Augustana University and a former student expelled in the wake of a Title IX sexual assault investigation in 2015 have agreed to a dismissal of the student's lawsuit against the university.
Koh Tsuruta, of Lake Mills, Iowa, and Augustana agreed in a motion made in federal district court earlier this month, The College Fix reported. Neither party nor their lawyers have discussed the reasons for the agreement or whether or not there were settlement terms.
"It was resolved to the satisfaction of the parties," Vince Roche, the lawyer for the private school in South Dakota, said in Sioux Falls (S.D.) Argus Leader article. "That is all I can say."
The dismissal also leaves unanswered a trail of questions about the alleged assault, the handling of the Title IX investigation and Tsuruta's expulsion.
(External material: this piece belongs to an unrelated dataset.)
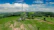 A telecommunications tower is situated in a vast, green rural landscape. The surrounding area consists of rolling hills dotted with trees and patches of open grassland. In the background, there's a clear blue sky with some clouds scattered across it, and a dirt road winds through the fields leading towards the tower.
The case points up once again the flaws in the Title IX process, the low standard of proof needed to find the accused guilty, the due process violations, and the lack of preparedness for the complexities of sexual assault cases on the part of universities.
Augustana began an investigation in July 2015 after Tsuruta told school officials a female student, who has not been identified, was accusing him of rape, although she had not filed a report with police at the time.
A month later at the request of the school she filed a report alleging Tsuruta had pinned her down on a bed in his apartment and raped her after the two of them had been drinking in a bar on July 3. Police arrested Tsuruta, who was charged with second-degree rape, false imprisonment and simple assault. Augustana suspended Tsuruta.
Tsuruta attempted to delay the university's Title IX investigation against him by filing a lawsuit a court dismissed. The university panel found Tsuruta guilty and expelled him.
Five months later, however, the court dismissed without prejudice all criminal charges against Tsuruta, Minnehaha County Deputy State's Attorney Amanda Eden said at the time. Dismissal without prejudice allows authorities to reintroduce those same criminal charges at a future date.
Last August, Tsuruta filed a second lawsuit against Augustana after the school refused to reinstate him. He accused the school of denying him the right to due process and putting his future in the hands of university employees not adequately trained to investigate the original allegations against him.
The suit allowed Tsuruta to introduce evidence that cast doubt on the allegations, although there is no indication what role they might have played in the mutual dismissal of the suit.
Tsuruta alleged his accuser had made similar accusations of other people, including an ex-boyfriend at the end of their relationship, allegations that couldn't be satisfactorily confirmed.
"We had interviewed a number of witnesses, including a young man who would have testified that (the alleged victim) had threatened to tell everyone that he had raped her, which arose out of the end of their relationship," Mike Bulter, Tsuruta's defense lawyer told the Argus Leader. "She also deleted messages between her and (Tsuruta) that would have led to the inevitable conclusion that this was not a non-consensual sexual encounter."
In addition, Tsuruta challenged his accuser's description of the rape, saying partial amputations of both of his feet made her account of the assault impossible. Tsuruta had returned to Augustana in 2014 after spending four years in prison for his role in a two-vehicle crash that killed the driver of the other vehicle, one of Tsuruta's friends and left him with third degree burns on both feet.
Tsuruta's lawsuit claimed Title IX investigators did not take his handicap into consideration when passing judgement.
While the accuser's past behavior and Tsuruta's physical condition might have cast reasonable doubt in a criminal trial, they carry much less weight in a Title IX investigation, when only a preponderance of evidence is required.
However, when Augustana asked that Tsuruta's lawsuit be dismissed, federal Judge Karen Schreier ruled in June the student "has pleaded sufficient facts to support his claims" that Augustana employees "weren't properly trained in investigating and adjudicating allegations of rape" and they ignored witnesses in his favor.
None of this is to say Tsuruta's accuser isn't telling the truth. The quality of the evidence against him, however, must be considered. Whether in criminal or civil court, or a university investigation, the rights of the accused as well as the accuser must be respected.
As long as universities flout due process in their attempts to comply with Title IX, victims and their lawsuits will keep piling up.